» **Exercise instructions**:
Only the lines from the one containing "Women Sexy Bikini" through the end of the records should be retyped, exactly and including both ends; pictures stay out.

┌─ Available records

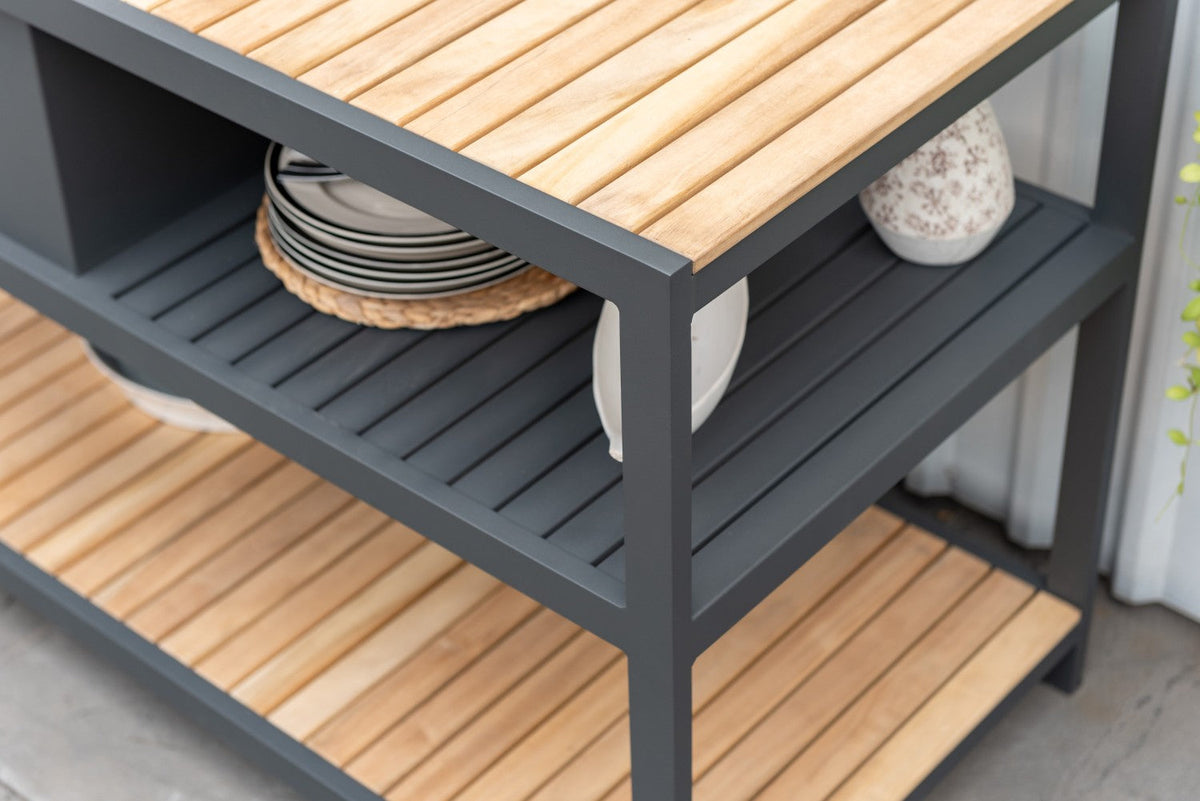 Amber Outdoor Kitchen with Stainless Steel Sink and Teak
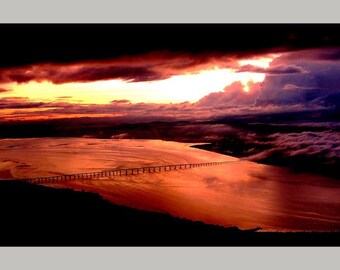 Sunbeams Aerial Landscape of Scotland - Fine Art Photography - 8x12  - Affordable Home Decor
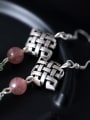 thumb Retro style Natural Jade Little Chinese Knot 925 Silver Earrings 2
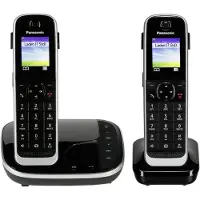 Panasonic KX-TGJ322GB - Téléphone sans fil - système de répondeur avec ID d'appelant - DECT - noir + combiné supplémentaire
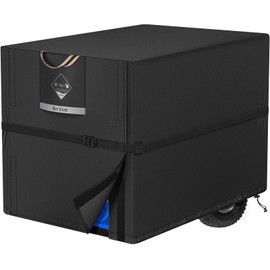 QH.HOME [2024 Upgrade 900D Heavy Duty Thicken Fabric] Universal Generator Cover Waterproof 32Lx24Wx24H inch,[with Central Adjustable Buckle]-for Most Generators 5000-10000 Watt, Black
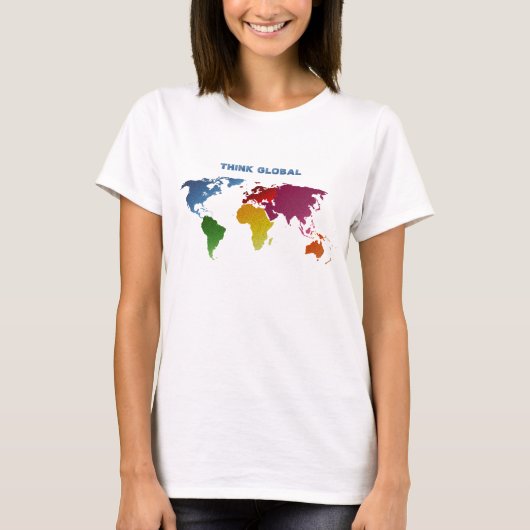 Wereldkaart denk wereldwijd t-shirt (Voorkant)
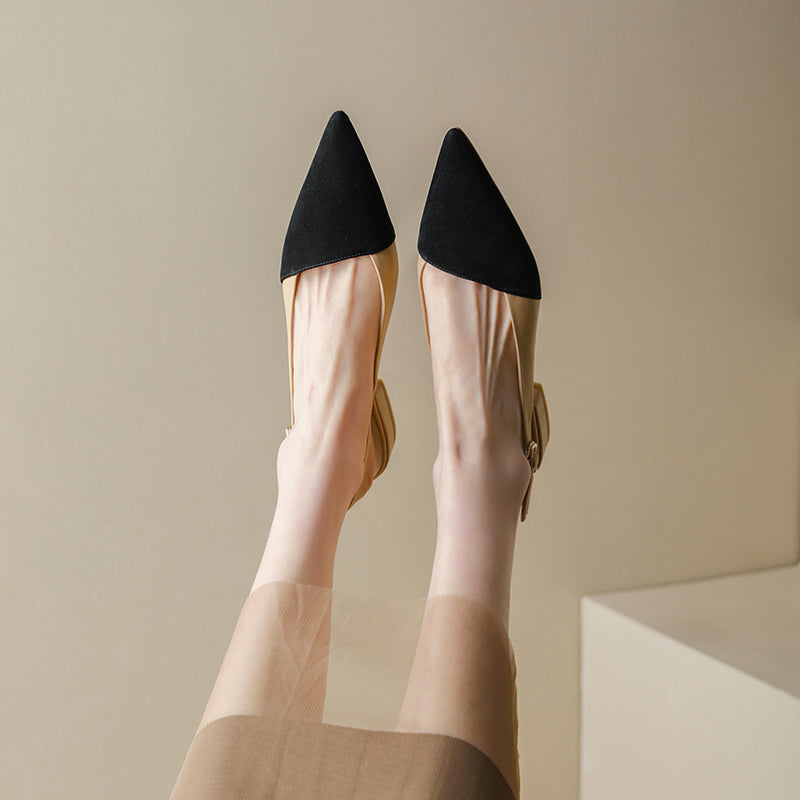 Two-Tone Leather Slingback with Low Balance Heel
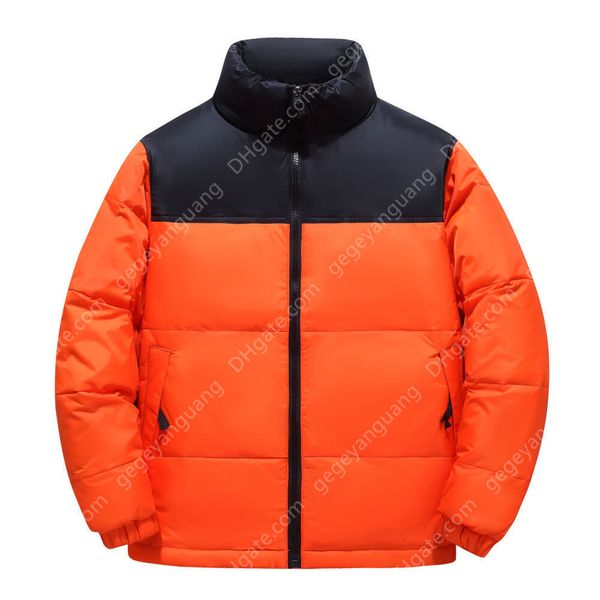 

warm stand-up collar men's color-blocking winter down jacket men, Black
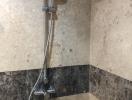 Modern bathroom shower system with stone wall tiles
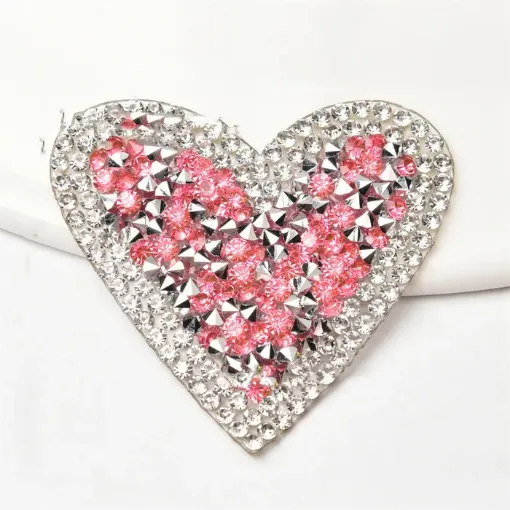 aplique para tela modelo corazon diamantes medida 48x45mms por unidad color cristal rosado 0
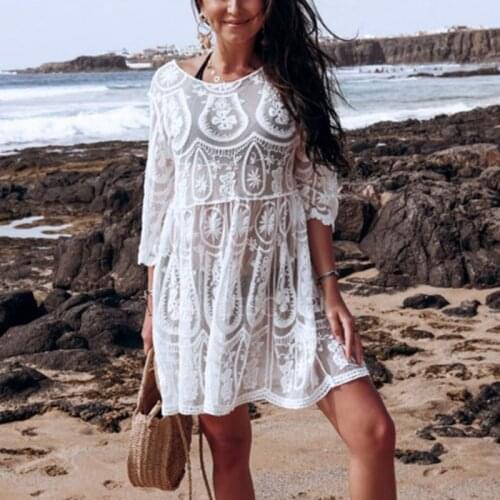 Women Sexy Bikini Cover Up White Crochet Embroidered Floral Lace Swimwear Bohemian Backless Tassels Drawstring Dress Beachwear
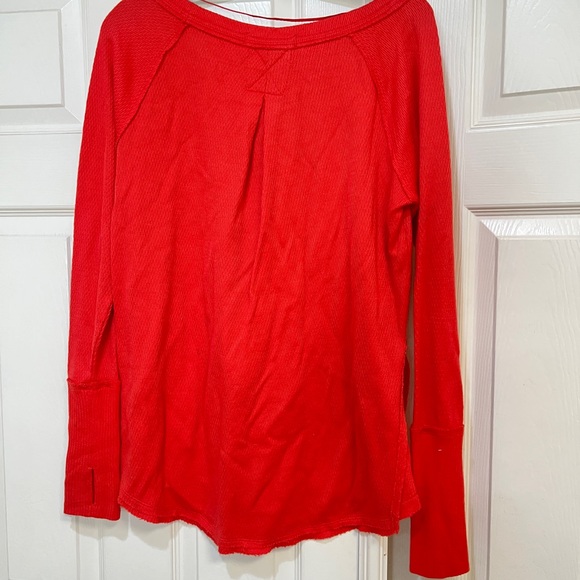 FREE PEOPLE‎ WE THE FREE Snowy Thermal Top Heatwave Small Orange long sweater - Picture 10 of 10
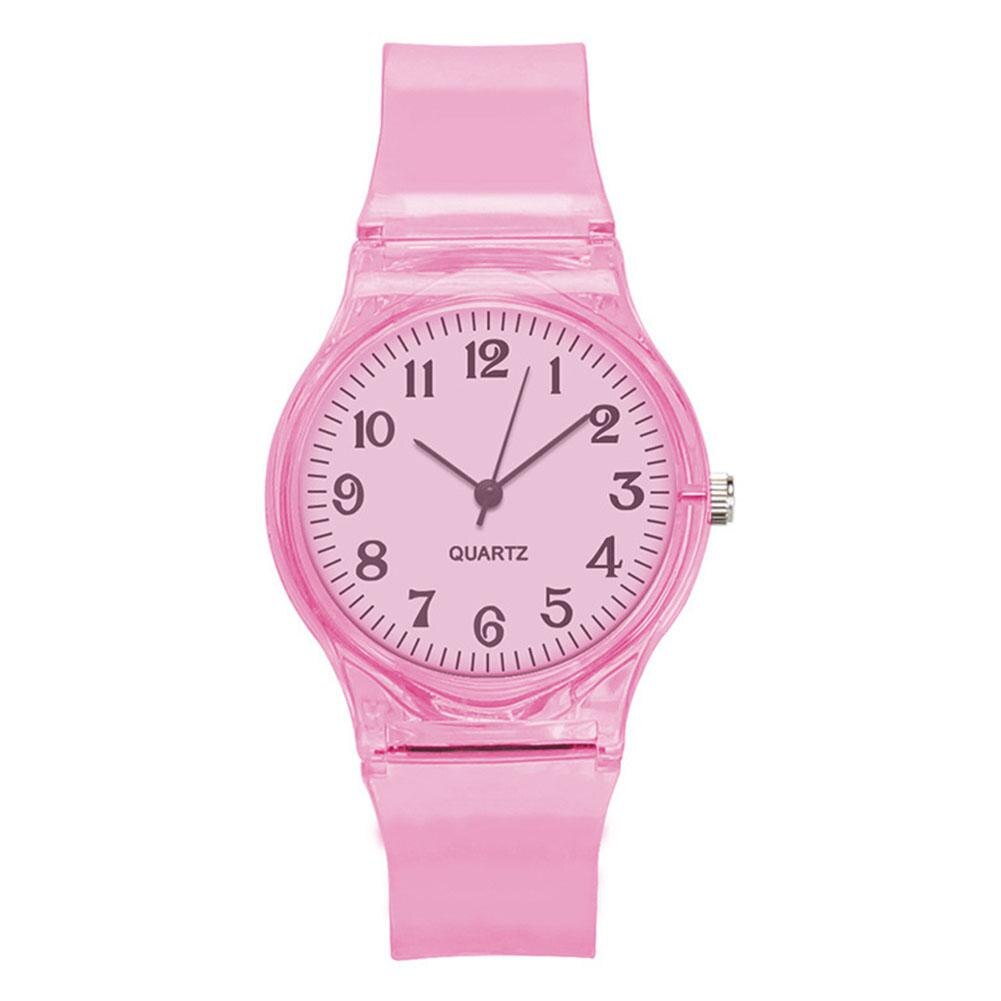 Lintimes dames heren liefhebbers horloges transparante snoepkleurige plastic band casual quartz horloges: Roze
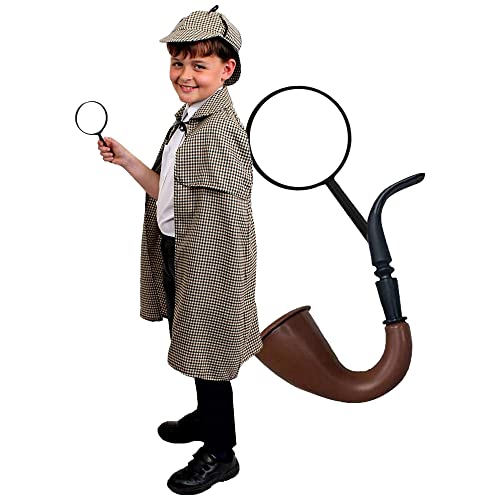 I LOVE FANCY DRESS LTD Sherlock Holmes Deluxe KOSTÜM Set MIT Hut - PERFEKT FÜR BUCHWOCHE ODER Halloween KOSTÜME (Hut + UMHANG + GEFÄLSCHTE Pfeife + VERGRÖẞERUNGSGLAS - X-GROẞ) von I LOVE FANCY DRESS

└─

» **Problem solution**:
 Women Sexy Bikini Cover Up White Crochet Embroidered Floral Lace Swimwear Bohemian Backless Tassels Drawstring Dress Beachwear
 FREE PEOPLE‎ WE THE FREE Snowy Thermal Top Heatwave Small Orange long sweater - Picture 10 of 10
 Lintimes dames heren liefhebbers horloges transparante snoepkleurige plastic band casual quartz horloges: Roze
 I LOVE FANCY DRESS LTD Sherlock Holmes Deluxe KOSTÜM Set MIT Hut - PERFEKT FÜR BUCHWOCHE ODER Halloween KOSTÜME (Hut + UMHANG + GEFÄLSCHTE Pfeife + VERGRÖẞERUNGSGLAS - X-GROẞ) von I LOVE FANCY DRESS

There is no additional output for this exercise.